Re: Nutch and Distributed Lucene

2008-04-01 Thread Ning Li
Hi,

Nutch builds Lucene indexes. But Nutch is much more than that. It is a
web search application software that crawls the web, inverts links and
builds indexes. Each step is one or more Map/Reduce jobs. You can find
more information at http://lucene.apache.org/nutch/

The Map/Reduce job to build Lucene indexes in Nutch is customized to
the data schema/structures used in Nutch. The index contrib package in
Hadoop provides a general/configurable process to build Lucene indexes
in parallel using a Map/Reduce job. That's the main difference. There
is also the difference that the index build job in Nutch builds
indexes in reduce tasks, while the index contrib package builds
indexes in both map and reduce tasks and there are advantages in doing
that...

Regards,
Ning


On 4/1/08, Naama Kraus [EMAIL PROTECTED] wrote:
 Hi,

 I'd like to know if Nutch is running on top of Lucene, or is it non related
 to Lucene. I.e. indexing, parsing, crawling, internal data structures ... -
 all written from scratch using MapReduce (my impression) ?

 What is the relation between Nutch and the distributed Lucene patch that was
 inserted lately into Hadoop ?

 Thanks for any enlightening,
 Naama

 --
 oo 00 oo 00 oo 00 oo 00 oo 00 oo 00 oo 00 oo 00 oo 00 oo 00 oo 00 oo 00 oo
 00 oo 00 oo
 If you want your children to be intelligent, read them fairy tales. If you
 want them to be more intelligent, read them more fairy tales. (Albert
 Einstein)



A contrib package to build/update a Lucene index

2008-03-10 Thread Ning Li
Hi,

Is there any interest in a contrib package to build/update a Lucene index?
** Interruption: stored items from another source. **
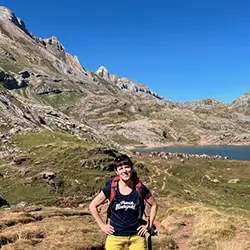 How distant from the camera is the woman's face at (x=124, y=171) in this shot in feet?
32.3

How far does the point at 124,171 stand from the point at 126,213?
4.02 ft

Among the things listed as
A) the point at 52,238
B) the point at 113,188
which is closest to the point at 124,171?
the point at 113,188

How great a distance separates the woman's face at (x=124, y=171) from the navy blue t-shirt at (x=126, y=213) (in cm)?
46

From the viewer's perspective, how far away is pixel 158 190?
65438 mm

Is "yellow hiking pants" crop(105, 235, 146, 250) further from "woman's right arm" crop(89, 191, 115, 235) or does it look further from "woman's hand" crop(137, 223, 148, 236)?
"woman's right arm" crop(89, 191, 115, 235)

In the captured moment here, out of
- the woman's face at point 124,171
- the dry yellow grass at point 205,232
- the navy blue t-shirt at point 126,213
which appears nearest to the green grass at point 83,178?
the dry yellow grass at point 205,232

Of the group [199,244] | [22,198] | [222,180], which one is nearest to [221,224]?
[199,244]

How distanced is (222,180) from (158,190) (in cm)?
2758

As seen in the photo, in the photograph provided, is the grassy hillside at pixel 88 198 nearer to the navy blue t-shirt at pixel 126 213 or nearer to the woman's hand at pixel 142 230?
the woman's hand at pixel 142 230

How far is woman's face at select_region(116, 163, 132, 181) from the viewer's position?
984cm

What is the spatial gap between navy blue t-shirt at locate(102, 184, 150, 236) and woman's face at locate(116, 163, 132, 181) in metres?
0.46

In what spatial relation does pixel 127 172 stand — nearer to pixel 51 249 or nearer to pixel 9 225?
pixel 51 249

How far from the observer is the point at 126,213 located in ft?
32.4

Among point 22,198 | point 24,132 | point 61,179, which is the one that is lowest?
point 22,198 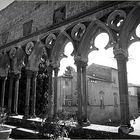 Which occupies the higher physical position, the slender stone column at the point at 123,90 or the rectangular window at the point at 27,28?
the rectangular window at the point at 27,28

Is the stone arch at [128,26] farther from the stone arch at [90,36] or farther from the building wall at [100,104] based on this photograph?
the building wall at [100,104]

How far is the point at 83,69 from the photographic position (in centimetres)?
613

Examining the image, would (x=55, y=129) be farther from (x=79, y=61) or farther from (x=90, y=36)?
(x=90, y=36)

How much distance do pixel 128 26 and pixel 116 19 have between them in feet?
1.96

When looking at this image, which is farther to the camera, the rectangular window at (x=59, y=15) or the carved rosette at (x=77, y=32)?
the rectangular window at (x=59, y=15)

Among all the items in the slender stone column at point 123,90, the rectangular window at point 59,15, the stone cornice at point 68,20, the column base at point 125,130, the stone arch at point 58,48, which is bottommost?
the column base at point 125,130

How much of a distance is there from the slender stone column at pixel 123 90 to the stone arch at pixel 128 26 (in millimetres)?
243

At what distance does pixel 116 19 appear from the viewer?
18.5ft

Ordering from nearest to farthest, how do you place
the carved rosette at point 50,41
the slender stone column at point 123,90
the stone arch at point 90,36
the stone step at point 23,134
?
the slender stone column at point 123,90
the stone step at point 23,134
the stone arch at point 90,36
the carved rosette at point 50,41

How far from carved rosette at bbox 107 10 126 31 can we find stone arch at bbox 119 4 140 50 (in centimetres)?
17

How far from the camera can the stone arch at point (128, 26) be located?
16.6ft

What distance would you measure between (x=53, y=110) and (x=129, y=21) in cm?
377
I should have asked the question before creating the JIRA issue and
attaching the patch. In any case, more details can be found at

https://issues.apache.org/jira/browse/HADOOP-2951


Regards,
Ning


Re: Lucene-based Distributed Index Leveraging Hadoop

2008-02-07 Thread Ning Li
We welcome your input. Discussions are mainly on
[EMAIL PROTECTED] now (a thread with the same title).

On 2/7/08, Dennis Kubes [EMAIL PROTECTED] wrote:
 This is actually something we were planning on building into Nutch.

 Dennis


Lucene-based Distributed Index Leveraging Hadoop

2008-02-06 Thread Ning Li
 a consistent view of the
shards in the index. The results of a search query include either all or none
of a recent update to the index. The details of the algorithm to accomplish
this are omitted here, but the basic flow is pretty simple.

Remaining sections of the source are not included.